The guitars were seriously hard, and rocked more than any Brit Glam Rock that was around at the time, perhaps with the exception of the Sweet’s b-sides. Not that I was listening to British Glam at the time. In fact I thought it was totally uncool. “Brickies in Baco foil”!

The Stooges entered my life round about then and I thought they rocked harder than anything I’d heard before. And the New York Dolls were about to enter my life too. By 1974, I was listening to the Dolls albums continuously, at least a couple of times a day.

I had an outrageous sound system at the time, a Linear valve amplifier – donated, I think, by Nick Fisher. The sort of amp us junior players would run our guitars or basses through, amateur-esque, but still damn loud! I ran a Wharfedale turntable through the amp. It was mono, obviously.

The amp drove a pair of two by twelve cabinets.
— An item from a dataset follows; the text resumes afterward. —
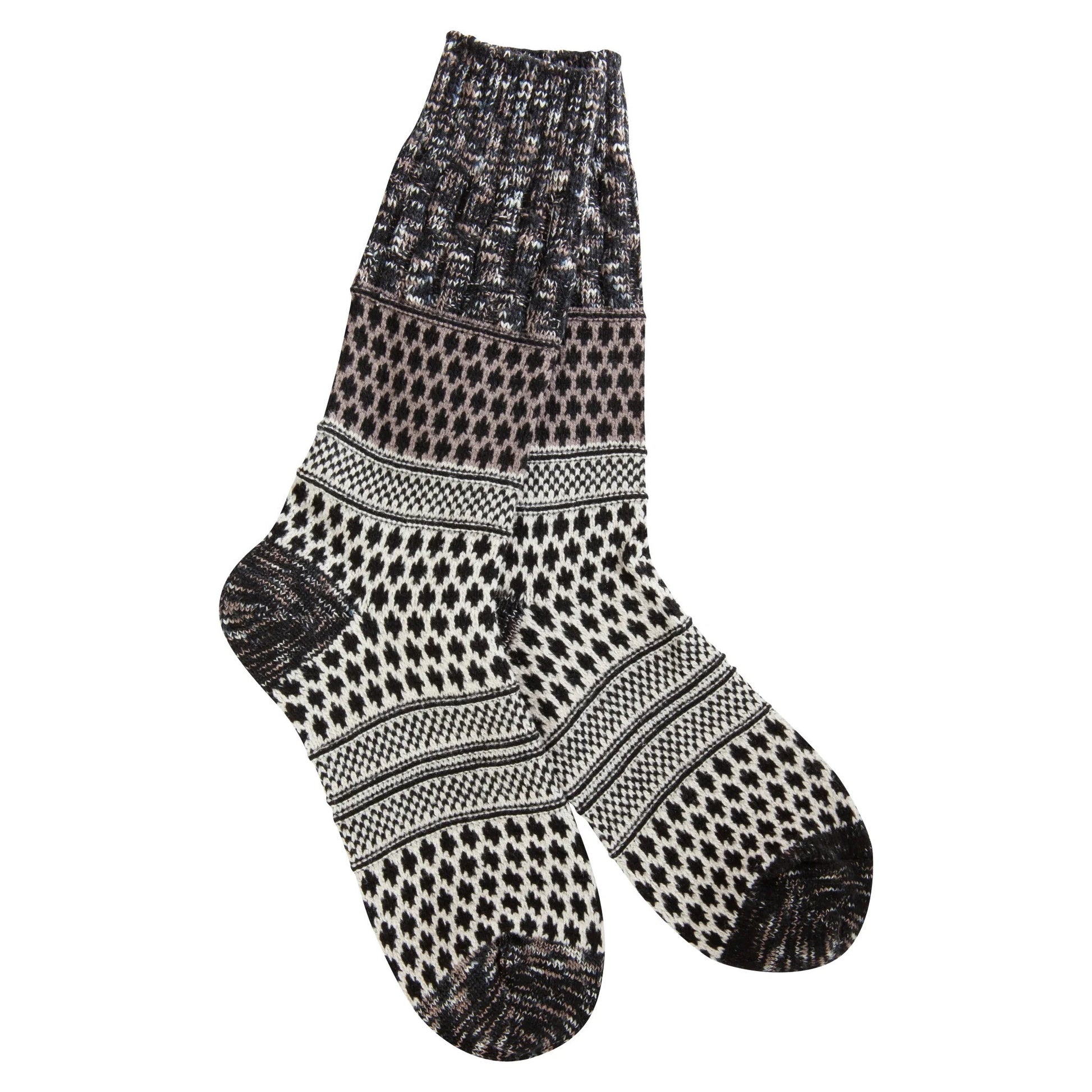 World's Softest Gallery Textured Crew OS Nightfall Multi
One was a Marshall, which I probably bought from my Sister Helen’s club book! (Hands up how many of you bought your first amp or combo from Kay’s? I can see uncle Stom’s hand up at the back there, and maybe Jem’s too?) The other amp was a Fender – the 2×12 that came with my brother-in-law Jed Wilson’s amp, an infamous Bandmaster. It had originally been the classic cream colour, until someone had decided it would look cooler black, and had painted the whole thing with black shoe polish! Sacrilege!

That beautiful cabinet was stolen when the Accidents supported Lilliput at the Rock Garden, in Covent Garden, on the 8th of October, 1980.
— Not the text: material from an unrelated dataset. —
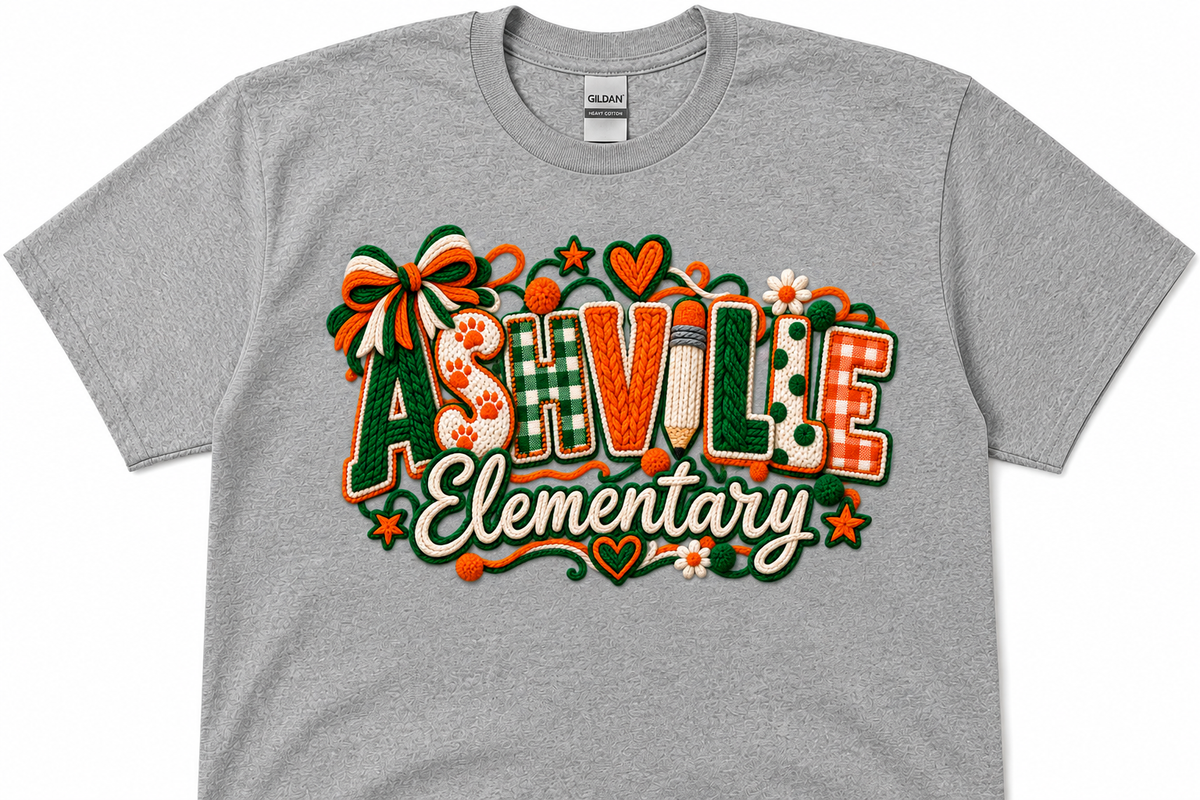 Ashville elementary  yarn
I can’t imagine what hell my parents went through, having to listen to the Dolls day in and day out, through what I suppose was my first p.a.!!!

But back to the gig…

Ronno’s guitars definitely hit the spot for me. But the whole vibe, the lyrics – some of which were fairly outrageous for the time – and Bowie’s voice really took me somewhere else. It was part futuristic, and in retrospect, pre-defining certain aspects of Punk.
Surely Bowie’s ginger/red mullett hair do, often imitated but never equalled, spawned the spikey punk architype sported by Johnny Rotten?

I know there’s been a million different interpretations of the Ziggy story,
but I just thought it was about an alien rock’n'roll star, whose biggest misfortune was to hit the Top of the Poppermost, just as Earth went into it’s final decline. Oh no!

The cover of Ziggy looked as though Bowie had just popped down to planet Earth for a quick photo shoot and his rock’n'roll Flying Saucer was parked just around the corner and out of the shot.

This is the first part of a three part article about David Bowie’s Hammersmith Odeon gig in 1973. The second part will be published very soon. Watch this space…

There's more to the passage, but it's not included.